On 12 July 2023, the FCA published a speech, delivered by Nikhil Rathi, Chief Executive, on the FCA’s emerging regulatory approach to Big Tech and Artificial Intelligence (AI), given at Economist Impact in London.

Key points covered in Mr Rathi’s speech include the following:

  • The FCA welcomes the government’s call for the UK to be the ‘global hub’ of AI regulation and plans to open its AI sandbox to firms wanting to test the latest innovations.
  • In addition to its recently published feedback statement on Big Tech financial services and call for input on the role of Big Tech firms as gatekeepers of data, the FCA is also considering the risks that Big Tech may pose to operational resilience in payments, retail services and financial infrastructure and is mindful of the risk that Big Tech could pose in manipulating consumer behavioural biases.
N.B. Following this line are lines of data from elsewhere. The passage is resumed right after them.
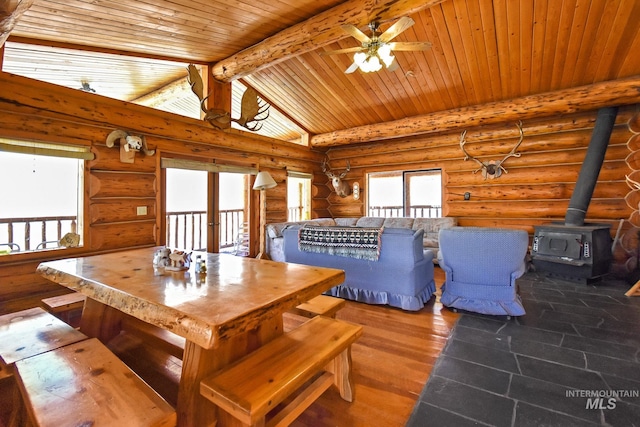 unfurnished living room with ceiling fan, rustic walls, and a wood stove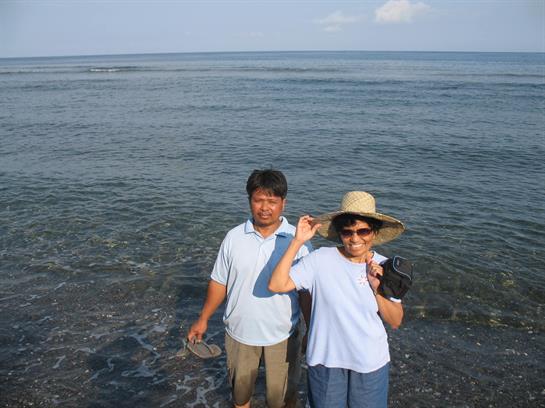 A man and woman stand in shallow water, both smiling and enjoying their day at the beach.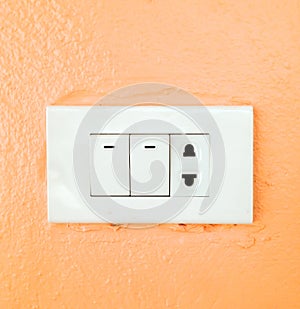 Light switch broad on orange wall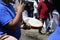 Boy plays kompang during Malay traditional wedding ceremony.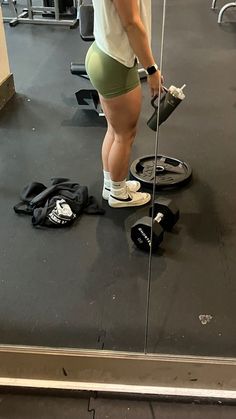 a woman standing on top of a gym floor next to a barbell exercise machine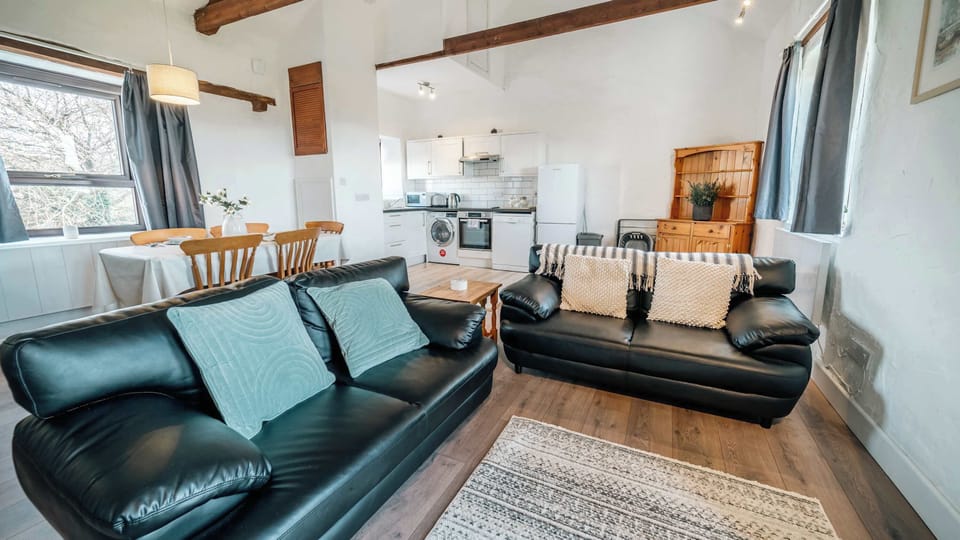 Unwind under original timber beams in our airy, open-plan lounge—ideal for cozy movie nights on the Smart TV or a quiet afternoon with a board game.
  • Together with the Bank of England and the Prudential Regulation Authority, the FCA will be regulating critical third parties and setting standards for their services, including AI services, to the UK financial sector.
  • As AI is further adopted, investment in fraud prevention and operational and cyber resilience will have to accelerate at the same time, and the FCA will take a robust line on this – full support for beneficial innovation alongside proportionate protections.
  • The FCA’s outcomes and principles-based approach to the regulation, including the Senior Managers Regime and Consumer Duty, should mean firms have scope to innovate while protecting consumers and market integrity. The FCA will only intervene with new rules or guidance where necessary. 
  • There are many opportunities and benefits of AI, including its ability to boost productivity, to help improve financial models and cut crime through use of generative AI and synthetic data, to provide more accurate information to everyday investors and tackle the ‘advice gap’, to hyper-personalise products and services to people, and to tackle fraud and money laundering more quickly and accurately and at scale.
  • The FCA is training its staff to make sure they can maximise the benefits from AI. It has also invested in its tech horizon scanning and synthetic data capabilities, and this summer established its Digital Sandbox. Internally, the FCA has developed its supervision technology and is using AI methods for firm segmentation, the monitoring of portfolios and to identify risky behaviours.
  • The global techsprint on the identification of Greenwashing will be hosted in the FCA’s Digital Sandbox, and it will be extending this global techsprint approach to include AI risks and innovation opportunities.